*** Opening of Material for this exercise ***
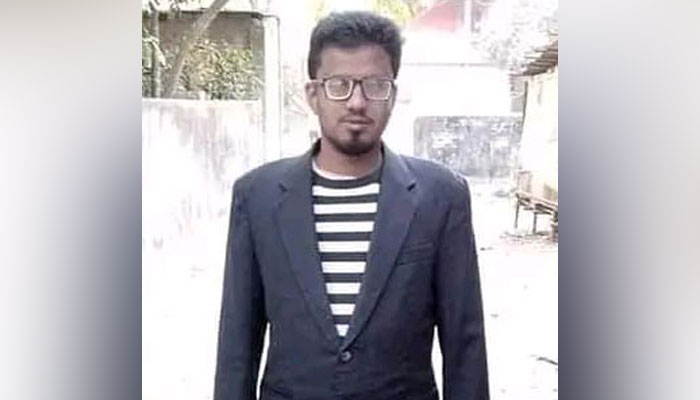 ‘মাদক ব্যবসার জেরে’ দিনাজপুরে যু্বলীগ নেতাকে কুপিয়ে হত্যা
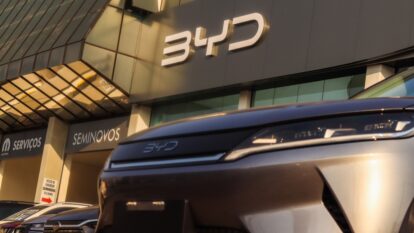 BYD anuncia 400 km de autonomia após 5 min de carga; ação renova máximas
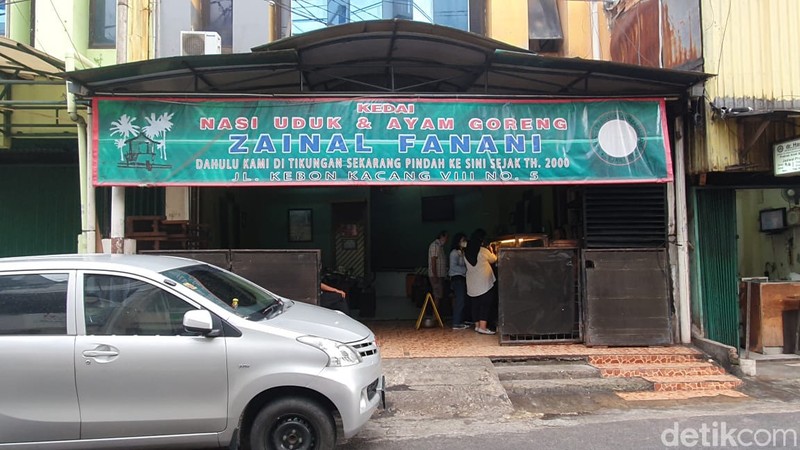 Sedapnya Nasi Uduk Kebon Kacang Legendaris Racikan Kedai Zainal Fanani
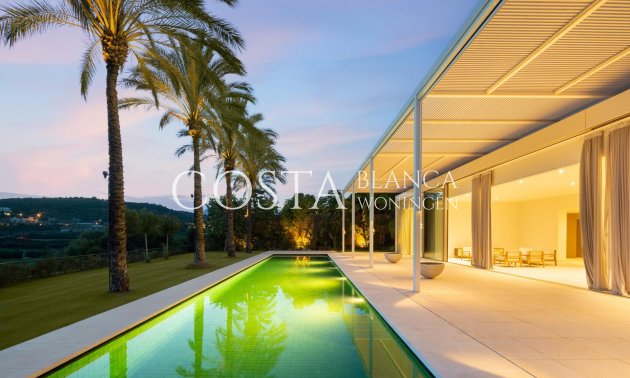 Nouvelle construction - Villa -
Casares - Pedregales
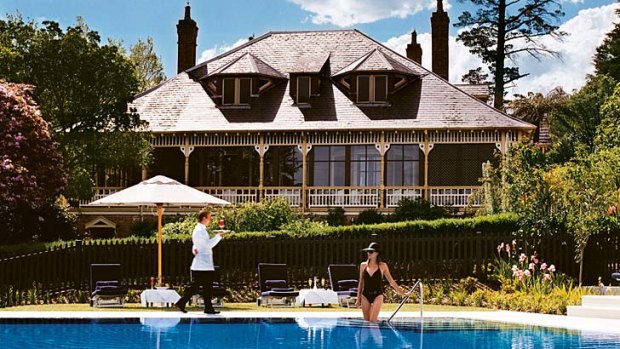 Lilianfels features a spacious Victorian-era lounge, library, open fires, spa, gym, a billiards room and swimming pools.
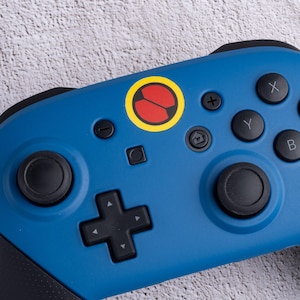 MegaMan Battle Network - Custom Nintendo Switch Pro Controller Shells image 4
*** Close of Material for this exercise ***
*** Opening of Material for this exercise ***
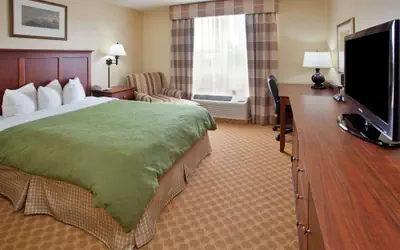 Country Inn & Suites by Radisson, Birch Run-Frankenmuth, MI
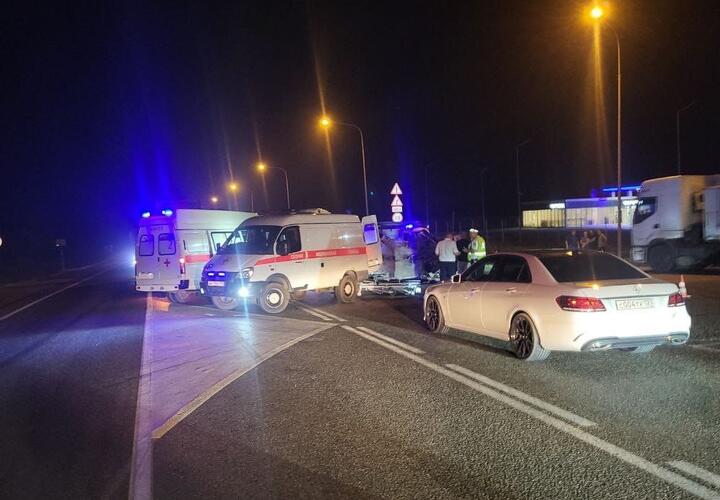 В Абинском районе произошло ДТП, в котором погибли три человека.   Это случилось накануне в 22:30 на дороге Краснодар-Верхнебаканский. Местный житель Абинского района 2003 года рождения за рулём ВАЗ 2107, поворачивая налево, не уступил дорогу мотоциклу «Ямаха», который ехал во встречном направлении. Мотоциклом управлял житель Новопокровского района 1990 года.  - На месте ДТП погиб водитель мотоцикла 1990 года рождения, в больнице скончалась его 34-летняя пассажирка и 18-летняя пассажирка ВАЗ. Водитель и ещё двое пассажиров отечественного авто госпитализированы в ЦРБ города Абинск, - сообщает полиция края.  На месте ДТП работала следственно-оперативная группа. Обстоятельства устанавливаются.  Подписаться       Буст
*** Close of Material for this exercise ***
*** Opening of Material for this exercise ***
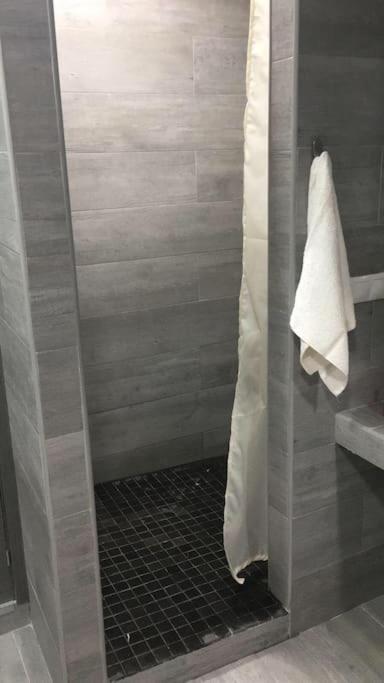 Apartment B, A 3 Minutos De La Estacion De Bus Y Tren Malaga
*** Close of Material for this exercise ***
Using the data above, output the line that has "নেতাকে কুপিয়ে হত্যা", the line that has "MegaMan Battle Network", and whatever lines fall between, each exactly as it stands and without pictures.

 ‘মাদক ব্যবসার জেরে’ দিনাজপুরে যু্বলীগ নেতাকে কুপিয়ে হত্যা
 BYD anuncia 400 km de autonomia após 5 min de carga; ação renova máximas
 Sedapnya Nasi Uduk Kebon Kacang Legendaris Racikan Kedai Zainal Fanani
 Nouvelle construction - Villa -
Casares - Pedregales
 Lilianfels features a spacious Victorian-era lounge, library, open fires, spa, gym, a billiards room and swimming pools.
 MegaMan Battle Network - Custom Nintendo Switch Pro Controller Shells image 4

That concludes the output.